In [1]:
from datasets import load_dataset, concatenate_datasets
import torch

from sae_refusal.data import (
    load_wmdp, 
    split,
    to_instructions,
    sample_data
)
from sae_refusal.model.gemma import GemmaModel
from sae_refusal.pipeline.activations import get_activations
from transformers import GenerationConfig
from sae_refusal import set_seed, clear_memory
from sklearn.model_selection import train_test_split

In [2]:
SAMPLE_SIZE = 500  # For each dataset
SEED = 42

ARTIFACT_DIR = "results/ablated"

MODEL_NAME = "google/gemma-2-2b"
RMU_NAME = "lenguyen1807/gemma-2-2b-RMU"
EMBEDDING_NAME = "sentence-transformers/all-mpnet-base-v2"

In [3]:
set_seed(SEED)
torch.set_grad_enabled(False)
torch.set_float32_matmul_precision("high")

In [4]:
TYPE = "test"

### Load data

In [5]:
wmdp_bio, wmdp_cyber = load_wmdp(sample_size=None, seed=SEED)
alpaca_ds = load_dataset("tatsu-lab/alpaca", split="train")

In [6]:
len(wmdp_bio), len(wmdp_cyber), len(alpaca_ds)

(1273, 1987, 52002)

We take only first 500 samples to train our probes

In [7]:
bio_sample = wmdp_bio.select(list(range(SAMPLE_SIZE)))
cyber_sample = wmdp_cyber.select(list(range(SAMPLE_SIZE)))

In [8]:
len(bio_sample), len(cyber_sample)

(500, 500)

For harmless prompt, we take the same samples (SAMPLE_SIZE * 2)

In [9]:
# Sample random 1000
alpaca_sample = sample_data(
    alpaca_ds.filter(lambda example: example['input'].strip() == ''),
    sample_size=SAMPLE_SIZE * 2,
    seed=SEED,
    max_len=None,
    key="instruction"
)

In [10]:
harmful_total = to_instructions(
    concatenate_datasets([bio_sample, cyber_sample]).shuffle(seed=SEED), # shuffle training data
    format_fn=lambda x: x["question"]
)

harmless_total = to_instructions(
    alpaca_sample,
    format_fn=lambda x: x["instruction"]
)

In [11]:
total_dataset = harmful_total + harmless_total

In [12]:
len(total_dataset)

2000

In [13]:
total_train, total_test = train_test_split(total_dataset, test_size=0.2, random_state=SEED)

In [14]:
len(total_train), len(total_test)

(1600, 400)

In [15]:
total_train, total_val = train_test_split(total_train, test_size=0.2, random_state=SEED)

In [16]:
len(total_train), len(total_val)

(1280, 320)

### Generate activations and outputs

In [17]:
if TYPE == "train":
    instructions = total_train
elif TYPE == "val":
    instructions = total_val
else:
    instructions = total_test

In [18]:
rmu_model = GemmaModel(RMU_NAME, type="none")
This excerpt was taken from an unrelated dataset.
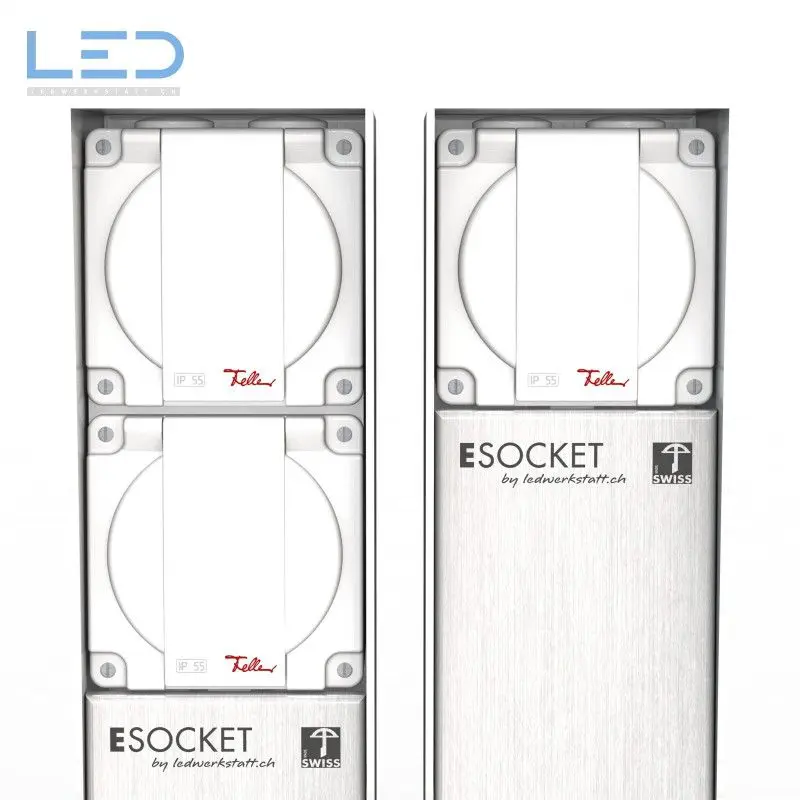 Steckdosensäule Feller NAP, NEVO, ESOCKET Energiesäule T13, Versorgungssäule, Aussensteckdose Säule, Elektromaterial IP54, Swiss Made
Loading checkpoint shards:   0%|          | 0/3 [00:00<?, ?it/s]

In [19]:
rmu_activations = get_activations(
    model=rmu_model.model,
    tokenizer=rmu_model.tokenizer,
    instructions=instructions,
    tokenize_instructions_fn=rmu_model.tokenize_instructions_fn,
    block_modules=rmu_model.model_block_modules,
    positions=[-1],
    batch_size=8
)

100%|██████████| 50/50 [00:39<00:00,  1.26it/s]


In [20]:
from pathlib import Path

save_path = Path(f"{ARTIFACT_DIR}/probes/{TYPE}")
save_path.mkdir(parents=True, exist_ok=True)

In [21]:
for idx in range(rmu_model.model.config.num_hidden_layers):
    torch.save(rmu_activations.squeeze(2)[:, idx, :], f"{save_path.as_posix()}/layer_{idx}.pt")

### Sanity Checks

In [None]:
from pathlib import Path
import json

test_path = Path(f"{ARTIFACT_DIR}/probes/test")
train_path = Path(f"{ARTIFACT_DIR}/probes/train")
val_path = Path(f"{ARTIFACT_DIR}/probes/val")

In [None]:
with open(f"{test_path.as_posix()}/completions.json", "r") as f:
    test_completions = json.load(f)

with open(f"{train_path.as_posix()}/completions.json", "r") as f:
    train_completions = json.load(f)

with open(f"{val_path.as_posix()}/completions.json", "r") as f:
    val_completions = json.load(f)

First checking if match original dataset

In [None]:
def match_original(completions, original):
    for completion, data in zip(completions, original):
        if completion["prompt"] != data:
            return False
    return True 

In [None]:
match_original(test_completions, total_test)

In [None]:
match_original(val_completions, total_val)

In [None]:
match_original(train_completions, total_train)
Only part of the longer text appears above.